共用部分は選択方式の質問は無理なので、各家庭で感じている共用部分の不具合を明記してもらいます。その際、前項で説明した解答例を入れておくと書きやすくなります。例えば、「記入例:2階から3階に上がる階段から雨漏りしている」などの解答例を入れておくと親切です。
2-2-3.その他に生活の中で気付いたことを記入してもらう
アンケートの最後は居住者が普段の生活で感じていることを自由に記入してもらう欄を用意します。
「その他に管理組合へご意見やご要望などありましたら下記の欄に記入してください。
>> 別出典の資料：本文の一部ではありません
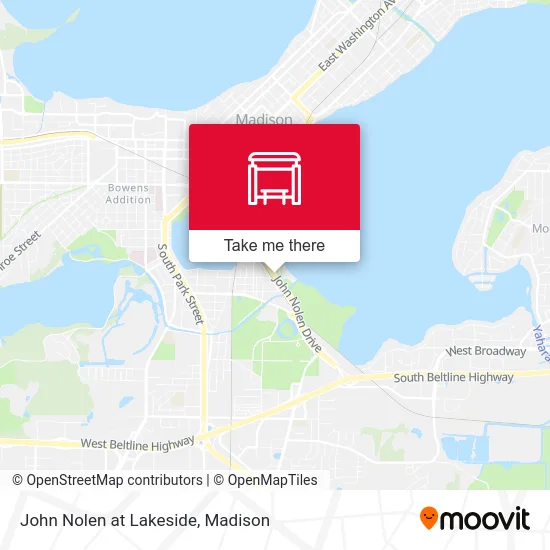 John Nolen at Lakeside map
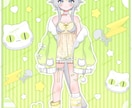 Vtuber様向けの立ち絵宣伝画像を作成します モチーフたっぷり！商用利用無料です！ イメージ5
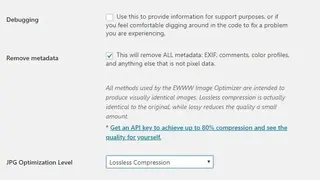 EWWW Image Optimizer screenshot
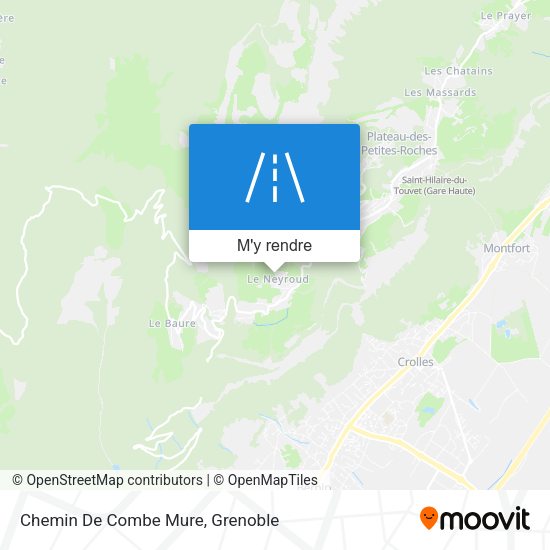 Chemin De Combe Mure plan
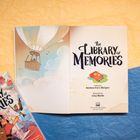 Text: "The Library of Memories" von Barbara Perez Marquez, illustriert von Lissy Marlin. Illustration eines Heißluftballons.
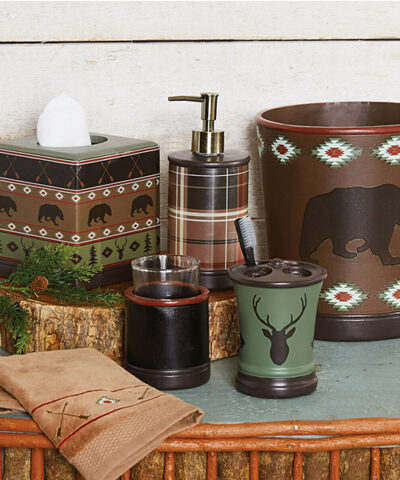 Wildlife Bath Accessories | Lodge Style Bathroom Accessories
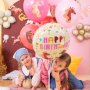Folienballon - 45 cm - Happy Birthday - Pferdeparty Folienballon - 45 cm - Happy Birthday - Pferdeparty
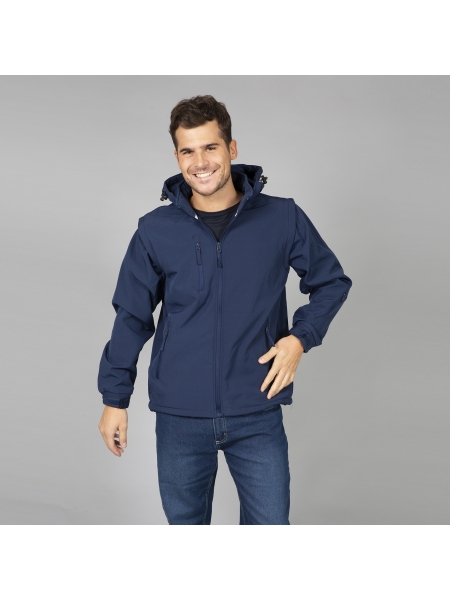 Giacche softshell personalizzate da uomo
」など明記して、居住者に自由に記入してもらいます。
基本的に居住者アンケートは不具合の発生状況を把握するためのものなので、各住戸と共用部分の部位ごとに質問事項を用意する必要があります。
2-3.居住者(住民)アンケートの作成例
ここまで居住者アンケートを作成するポイントを説明してきましたが、最後に実際の居住者アンケートの作成例をご紹介します。
あくまでも参考例なので、マンションごとに必要なポイントをコンサルタント会社と調整しながら作成していきましょう。
住居者アンケートテンプレートダウンロード
修繕委員会・管理会社ご担当者向け
大規模修繕時に必要となる住居者アンケートを一から準備をするのが大変なので便利なWordファイルテンプレートを作成しました。
3.まとめ
マンション大規模修繕にあたって実施する居住者アンケートをご紹介しました。
居住者アンケートは、建物診断では判明できないような劣化や不具合を把握する目的で実施されます。
マンション居住者が感じている住戸内や共用部分の不具合を把握するために行われ、建物診断を依頼する専門家が発見できないような不具合を把握するための有益な情報源になります。
今回は居住者アンケートを作成するポイントをご紹介しましたが、一番のポイントは「簡単な選択方式で具体的に分かるような質問で作成する」ということです。合わせて作成例をご紹介しましたが、あくまで参考なのでコンサルタント会社とともに一緒に作成を進めていきましょう。